Después de ser el blanco de una serie de preguntas, ahora es Él quien pregunta: ¿Por qué dicen los letrados que el Mesías es Hijo de David? Pero ninguno pudo darle una respuesta (Mt 22, 46).
El escenario es el templo de Jerusalén. El pueblo judío creía que el Mesías sería un hijo de David. Así se había expresado, por ejemplo, el ciego de Jericó: ¡Hijo de David, Jesús, ten compasión de mí! (Mc 10, 47). Es un título que habla de un mesianismo político: el Mesías liberaría al pueblo de la dominación romana. Así había sido aclamado Jesús en su reciente entrada triunfal en Jerusalén: ¡Bendito el reino que viene de nuestro padre David! (Mc 11, 10).
Por eso que el título de Hijo de David, no es del agrado de Jesús; el Mesías, más que Hijo de David es Señor de David. Además, el suyo es el mesianismo del fracaso más que del triunfo, al menos desde una perspectiva humana. Jesús prefiere el título de Hijo del Hombre, en sintonía con lo profetizado por Isaías: Ofrecí mis espaldas a los que me golpeaban…; mi rostro no hurté a los insultos y salivazos (Is 5, 6). En verdad, tal como leemos en el mismo profeta, mis pensamientos no son vuestros pensamientos, ni vuestros caminos son mis caminos (Is 55, 8).

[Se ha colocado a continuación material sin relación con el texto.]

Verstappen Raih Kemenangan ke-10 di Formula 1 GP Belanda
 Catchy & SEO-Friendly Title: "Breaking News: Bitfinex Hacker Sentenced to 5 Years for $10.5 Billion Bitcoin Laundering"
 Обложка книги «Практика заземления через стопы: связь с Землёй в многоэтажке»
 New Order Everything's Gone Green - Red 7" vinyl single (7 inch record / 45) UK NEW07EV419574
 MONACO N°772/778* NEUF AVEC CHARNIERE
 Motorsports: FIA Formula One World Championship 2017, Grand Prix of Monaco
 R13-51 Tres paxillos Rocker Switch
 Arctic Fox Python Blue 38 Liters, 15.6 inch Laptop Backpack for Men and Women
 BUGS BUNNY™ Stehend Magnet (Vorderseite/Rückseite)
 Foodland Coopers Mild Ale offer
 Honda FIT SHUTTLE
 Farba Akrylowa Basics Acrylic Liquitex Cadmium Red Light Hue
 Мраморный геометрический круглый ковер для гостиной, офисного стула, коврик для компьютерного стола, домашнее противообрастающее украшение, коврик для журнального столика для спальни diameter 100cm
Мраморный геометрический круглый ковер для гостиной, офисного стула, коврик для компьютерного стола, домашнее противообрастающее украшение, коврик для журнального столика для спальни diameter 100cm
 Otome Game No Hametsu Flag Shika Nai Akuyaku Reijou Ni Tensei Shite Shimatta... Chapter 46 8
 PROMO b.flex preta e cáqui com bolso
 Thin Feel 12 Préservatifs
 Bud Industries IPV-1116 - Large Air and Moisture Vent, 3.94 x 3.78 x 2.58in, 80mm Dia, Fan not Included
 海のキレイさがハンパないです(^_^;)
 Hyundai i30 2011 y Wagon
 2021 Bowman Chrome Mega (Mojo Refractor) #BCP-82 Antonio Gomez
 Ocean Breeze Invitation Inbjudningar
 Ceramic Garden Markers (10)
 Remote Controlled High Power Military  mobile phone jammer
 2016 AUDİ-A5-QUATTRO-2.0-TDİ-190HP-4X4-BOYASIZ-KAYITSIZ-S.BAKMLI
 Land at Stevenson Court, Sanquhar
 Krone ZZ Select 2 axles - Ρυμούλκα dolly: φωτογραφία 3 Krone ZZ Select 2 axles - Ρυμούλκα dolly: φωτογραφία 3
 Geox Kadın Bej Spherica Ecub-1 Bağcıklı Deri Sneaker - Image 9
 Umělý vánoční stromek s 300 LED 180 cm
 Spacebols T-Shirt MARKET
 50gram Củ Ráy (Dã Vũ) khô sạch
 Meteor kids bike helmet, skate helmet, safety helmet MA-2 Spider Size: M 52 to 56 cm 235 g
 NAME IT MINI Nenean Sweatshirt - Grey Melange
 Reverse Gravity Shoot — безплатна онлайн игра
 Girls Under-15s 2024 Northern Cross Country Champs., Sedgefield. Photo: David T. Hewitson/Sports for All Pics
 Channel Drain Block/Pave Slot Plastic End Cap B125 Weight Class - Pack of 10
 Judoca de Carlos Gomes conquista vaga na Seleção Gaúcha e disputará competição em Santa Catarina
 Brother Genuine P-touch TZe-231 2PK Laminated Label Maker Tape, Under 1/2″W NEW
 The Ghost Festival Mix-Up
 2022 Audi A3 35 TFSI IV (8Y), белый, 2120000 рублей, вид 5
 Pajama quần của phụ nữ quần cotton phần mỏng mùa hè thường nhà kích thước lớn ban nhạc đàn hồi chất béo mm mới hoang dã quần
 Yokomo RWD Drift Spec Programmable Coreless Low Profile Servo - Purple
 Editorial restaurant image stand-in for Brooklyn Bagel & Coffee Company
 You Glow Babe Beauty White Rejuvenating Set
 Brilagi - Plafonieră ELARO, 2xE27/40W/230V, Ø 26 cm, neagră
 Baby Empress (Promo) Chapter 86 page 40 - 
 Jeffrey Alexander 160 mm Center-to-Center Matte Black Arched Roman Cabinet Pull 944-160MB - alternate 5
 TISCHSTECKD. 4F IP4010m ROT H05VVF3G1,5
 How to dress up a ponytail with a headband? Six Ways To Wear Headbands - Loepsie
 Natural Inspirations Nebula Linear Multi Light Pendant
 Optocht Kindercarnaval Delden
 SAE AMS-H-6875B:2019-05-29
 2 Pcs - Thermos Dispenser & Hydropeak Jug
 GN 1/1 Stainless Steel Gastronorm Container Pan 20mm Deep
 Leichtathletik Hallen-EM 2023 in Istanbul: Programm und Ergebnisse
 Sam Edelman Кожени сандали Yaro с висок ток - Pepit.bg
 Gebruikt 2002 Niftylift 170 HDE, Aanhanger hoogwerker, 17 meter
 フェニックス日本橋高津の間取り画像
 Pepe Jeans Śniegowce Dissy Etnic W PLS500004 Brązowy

Evidentemente, el mesianismo de Jesús tiene poco que ver con lo que la gente esperaba. Pero, ¿no es cierto que también a nosotros nos cosquillea el gusanillo del triunfalismo eclesial o personal? El mesianismo de Jesús supera toda lógica y toda expectativa humana. El Nuevo Testamento no es producto del Antiguo; es exactamente al revés. Todo, lo pasado y lo por venir, todo debe ser entendido desde Jesús, el fundamento de todo.